There’s nothing quite like deposing an opponent’s retained testifying liability expert. They are typically skilled and savvy deponents who know many of the tricks of the trade. They make much of their living testifying in court. Past deposition transcripts, if they can be located, yield a wealth of information about the expert’s background, methodology, and, of course, their pet peeves. Plus, these experts usually know of the Daubert case and what must be done to avoid being excluded as an expert in a case. Some experts even advertise on their websites that they have never been excluded by the Daubert case.
Why would they do that?
It seems a curious statement to make, particularly if the expert has been around long enough to have been challenged on multiple occasions in litigation across the country. Diligent counsel will always locate and review an opponent’s expert’s website, if one exists. If the expert maintains that he or she has never been excluded on such grounds, defense counsel would naturally ask if that fact were still true. If so, the required follow up question becomes: “If you’ve not been excluded on Daubert grounds, on what grounds have you been excluded?”
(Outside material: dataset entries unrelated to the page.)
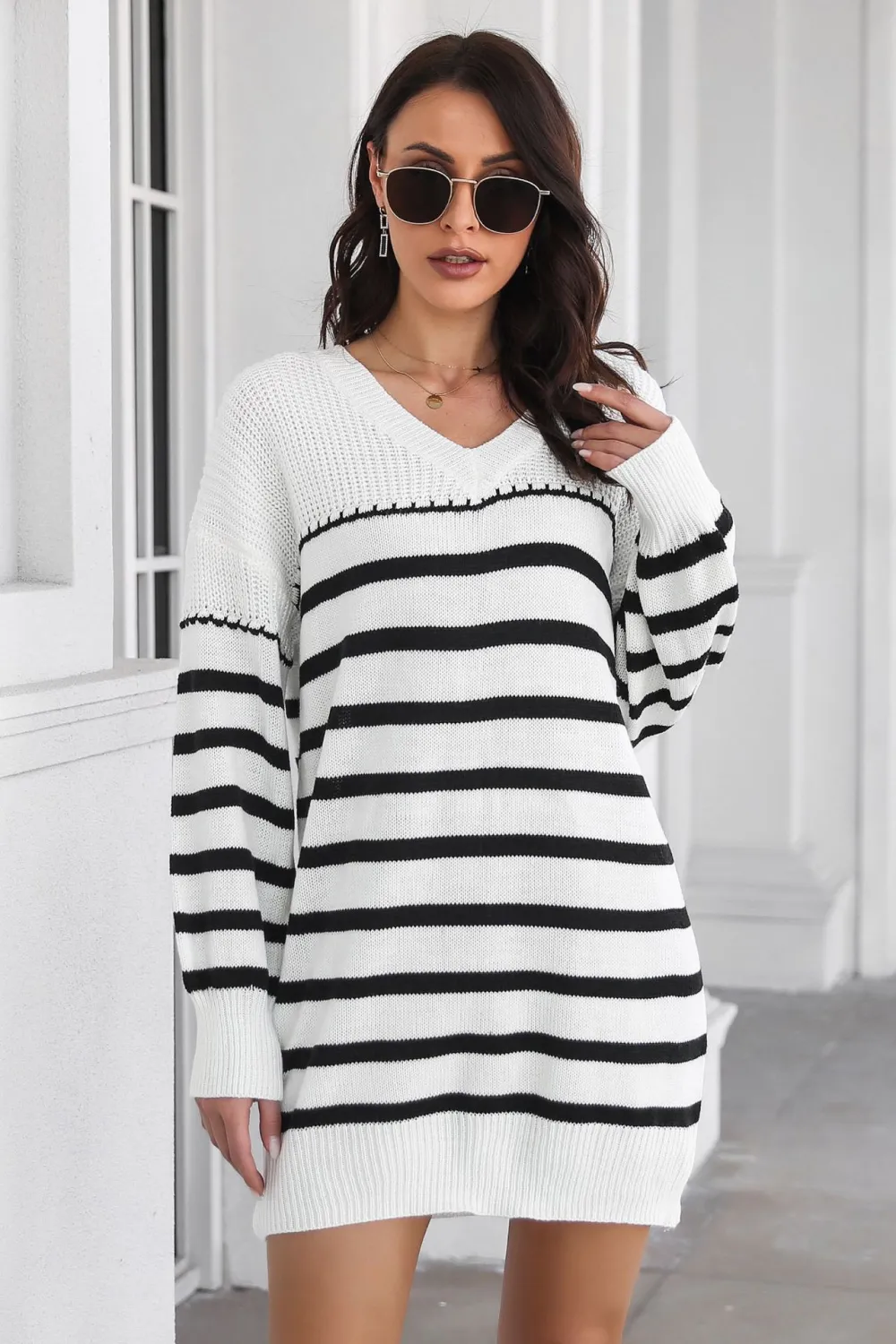 Striped V-Neck Drop Shulder Sweater Dress, image 2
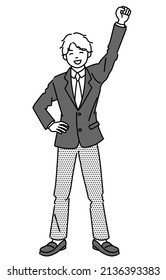 It is a monochrome illustration of a male student who is pleased to push his fist up.
Vector data that is easy to edit.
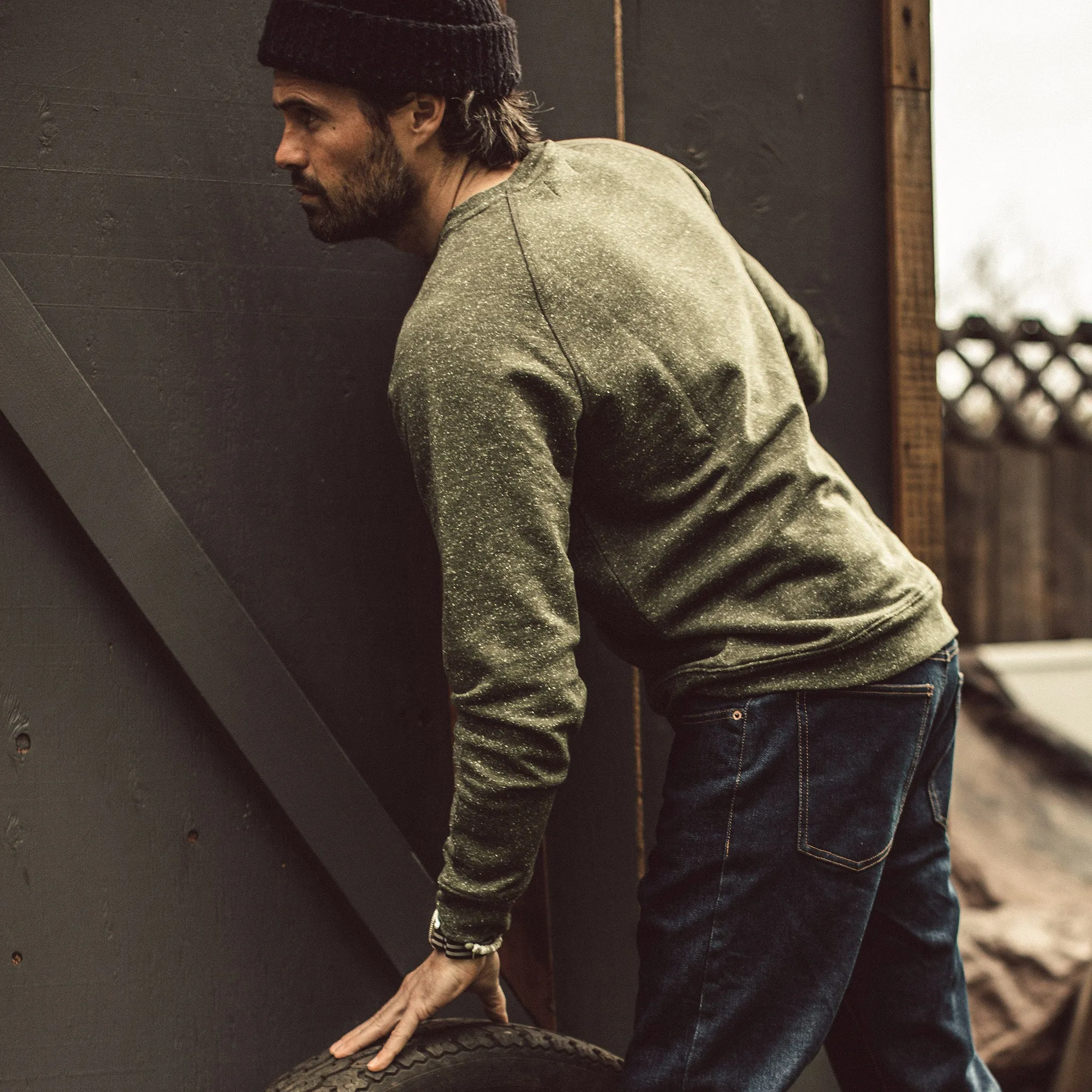 The Crewneck in French Terry Heather Olive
Recently, we deposed an expert who made such a representation on his website. However, after spending less than five minutes on Westlaw, we discovered that he had been excluded in not one but three reported decisions. Note that these were decisions that were on Westlaw, and these findings may not have included unreported exclusions or those which occurred at the trial court level that were never appealed. One such exclusion came from the very first case in which the expert had offered opinions. At the deposition, we naturally confronted the expert with these three opinions and he claimed not to know of them. How is that?
Sure, two of the opinions were more than a decade old, but the third was from 2011 (and in that case, the trial court had excluded the expert, later granted a motion for new trial based on the belief that the exclusion was improper, and ultimately earned a reversal from the Court of Appeals because the expert’s opinions had been proven to be false by some properly admitted trial testimony).
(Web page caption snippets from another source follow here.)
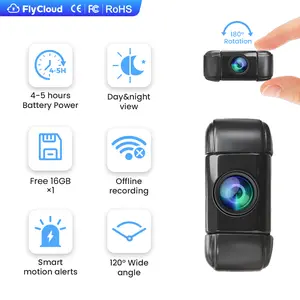 FlyCloud Seven 1080P Body Camera 16G TF Card 1900mAh Long Battery 120°Wide Angle Bluetooth APP Control AI Motion Detection Infrared Night Vision for Sports Work Indoor&Outdoor POV Vlog  portable cam Max sup for 128GB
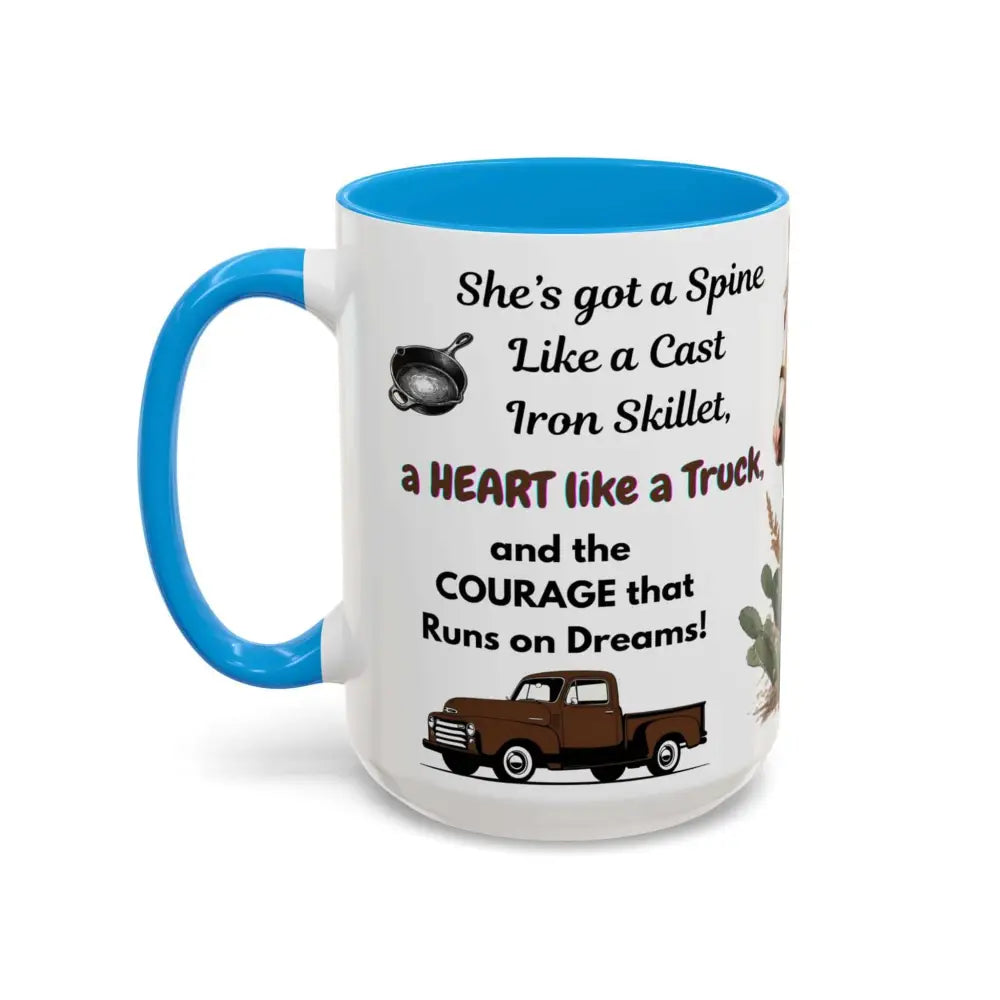 Cowgirl Tough 15oz Mug – “Spine Like a Skillet Heart Like a Truck” Inspirational Western Gift Cowgirl Coffee Mugs Mugs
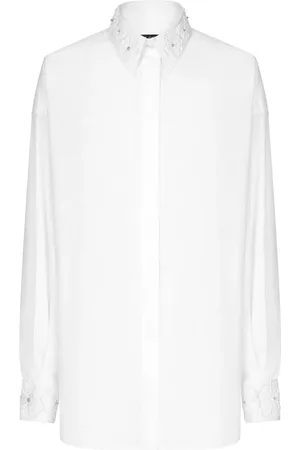 Dolce & Gabbana Camisa con cuello de pico y bordado floral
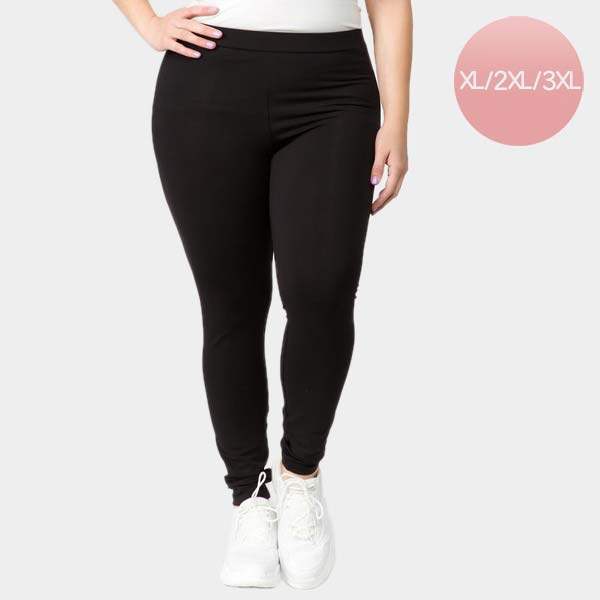 Basic Pima Cotton High Rise Plus Size Leggings - Madeline Love - Flyclothing LLC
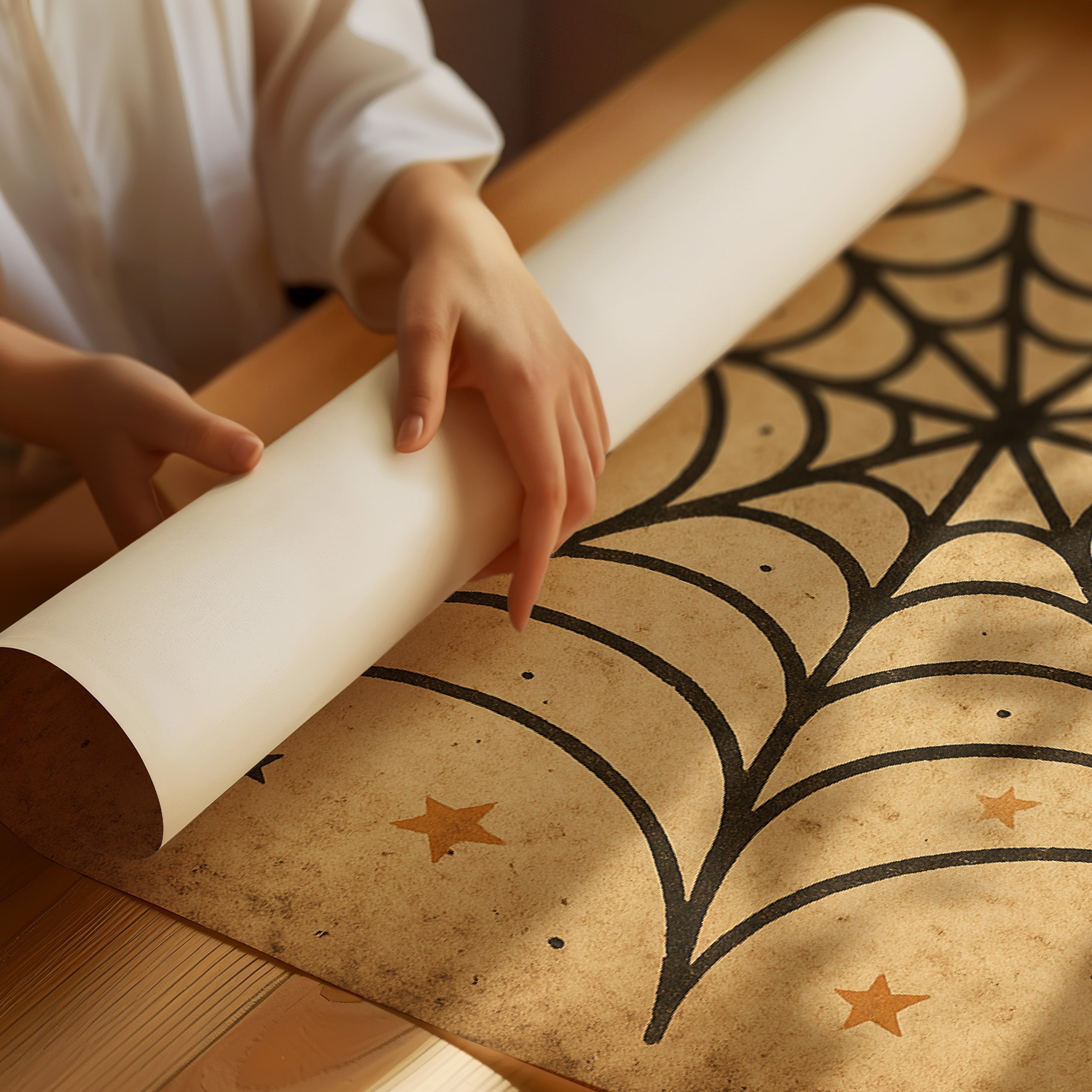 Starlit Webs On Vintage Parchment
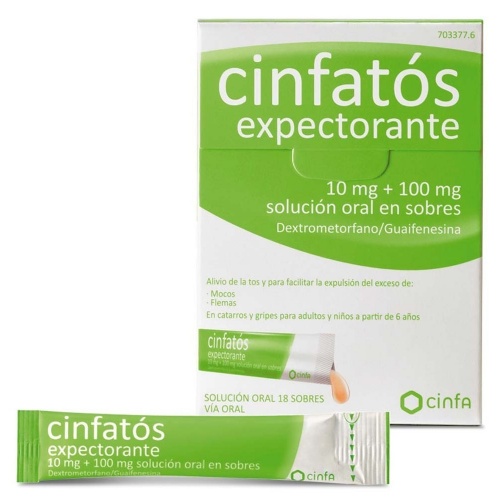 CINFATOS EXPECTORANTE   10 mg + 100 mg solución oral en sobres, 18 sobres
How could someone not know that? Well, maybe the expert simply received a call from the lawyer who hired them noting that the case had settled or otherwise resolved, and that lawyer felt it unnecessary to reveal the full story. But how could an expert elect to make that representation on his or her website and then not track whether or not that was true?
We shouldn’t object too much, as it’s always fun to hand an expert a court opinion he or she has never seen before.